Feature Selection is the process of selecting the most significant
features from a given dataset. The most significant features are
independent (or “explanatory”) variables that have a high correlation
with the dependent (or “response”) variable.
## The Independent Variable, contractStartDate, has a negative correlation with the Independent Variable, bill_1_2021, of -0.1334527
## The Dependent Variable, EV, has a positive correlation with the Independent Variable, bill_1_2023, of 0.1068634
Cross-Validation divides the dataset into data for the Machine Learning algorithm to learn (training data) and data that the Machine Learning Algorithm is required to predict (testing data). A model that generalizes well produces consistent results when presented with new cases.
# Setting a seed number to generate a reproducible random sampling
set.seed(123)
# Use Bernoulli sampling to divide the data into train and test sets.
v <- as.vector(c(rep(TRUE,130590),rep(FALSE,55968)))
ind <- sample(v)
# Select the training and test rows
train <- Data_Impute[ind,]
test <- Data_Impute[!ind,]
## It is TRUE that the CrossValidated Train and Test datasets
## are an accurate partition of the source dataset.
# Set the Seed for reproducibility of results "set.seed()" allows for the setting of an initial seed for stream-based variate generators, thereby assuring reproducibility of regression algorithm results.
set.seed(5678)
# Create linear regression model, minus ContractStartDateEV that contains NAs
model_LN <- lm(EV ~ ., data = train)
Random Forests classify the mean/average of an ensemble of decision tree regressions of the independent variables vs the dependent variable.

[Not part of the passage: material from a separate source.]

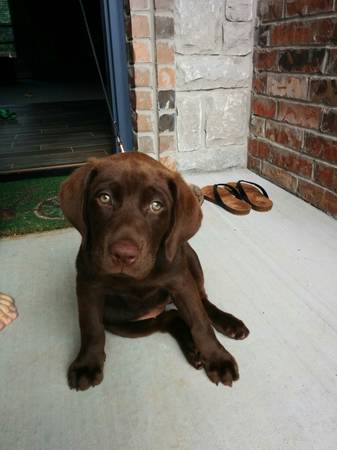 AKC registered Chocolate Lab puppy (Norman)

Gradient Boosting employs a group of linear regression methods to boost the predictive accuracy of a linear model. Gradient Boosting has a higher possible predictive accuracy vs other regression techniques.

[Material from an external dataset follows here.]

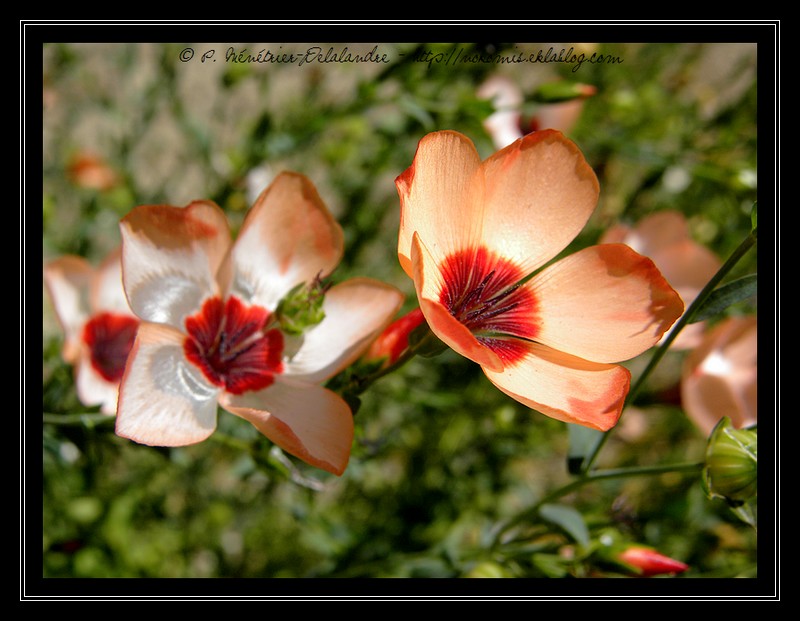 En fleur ou sèche...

model_GBM <- gbm(EV~., data = train, distribution = "tdist", n.trees = 1000, interaction.depth = 11, shrinkage = 0.02)
This section contains evaluations of regression model assumptions. The Anderson-Darling Goodness of Fit Test is a measure of how well your data fits a specified distribution.
Statistic | P-Value | |
---|---|---|
A | 18304.14 | 3.7e-24 |
Statistic | P-Value | |
---|---|---|
A | 49677.9 | 3.7e-24 |
Statistic | P-Value | |
---|---|---|
A | 49749.63 | 3.7e-24 |
Predictive Analytics is a group of algorithmic statistical methods that create predictions of future data values from regressions of historical data.
pred_LN <- predict(model_LN, newdata = test)

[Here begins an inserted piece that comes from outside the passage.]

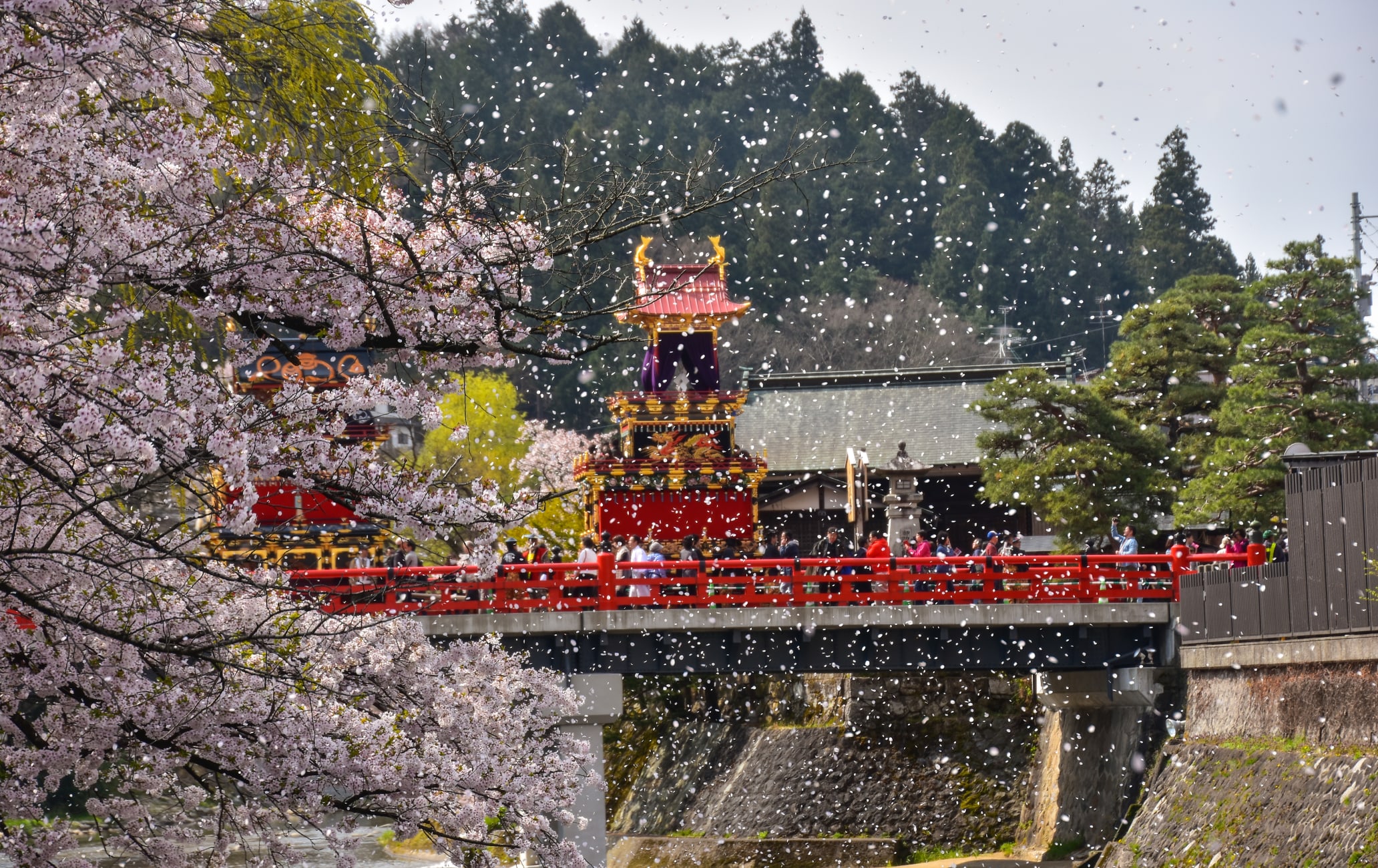 Takayama Spring Festival 2024 Tickets Tandy Sydney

pred_RF <- predict(model_RF, newdata = test)
pred_GBM <- predict(model_GBM, newdata = test)
The Performance Measurement Metrics applied are R-Squared, Root Mean Square Error, and Mean Absolute Error.
## R2 RMSE MAE
## 1 0.10474 0.9462617 0.2314958
## R2 RMSE MAE
## 1 0.9994026 0.0262715 0.003995913
## R2 RMSE MAE
## 1 1 0.01363724 0.00315309
This document utilizes a Machine Learning pipeline to predict EV ownership from an electricity consumption dataset that includes information about electricity consumption of 186,558 customers. Twenty-five observations were assembled for each customer in the dataset. The objective is to determine the most effective method of predicting EV ownership from available Machine Learning techniques.
When exploring the dataset, it is found that around 15 observations are sparse time series data that are treatable as independent observation for the purpose of regression analysis. About 5 of the 25 observations have missing values, that are then imputted with column means. The dataset many outliers values, that are retained in consideration of having patterns that assist with the Machine Learning of EV customers. For regression modeling, the character columns are converted to factors then to numeric values, and normalized via min/max scaling. The dataset contains left skewed independent variables that are not normally distributed, corresponding with the high level of outliers. One of the greatest predictors of EV in the dataset is bill_1_2023.
After cross-validation of the dataset with train/test sets, three regression models were applied, Linear Modeling, Random Forest, and Gradient Boosting Machines. RF and GBM demonstrate the ability to predict the values in the test set perfectly. However, basic linear regression had only 11% accuracy.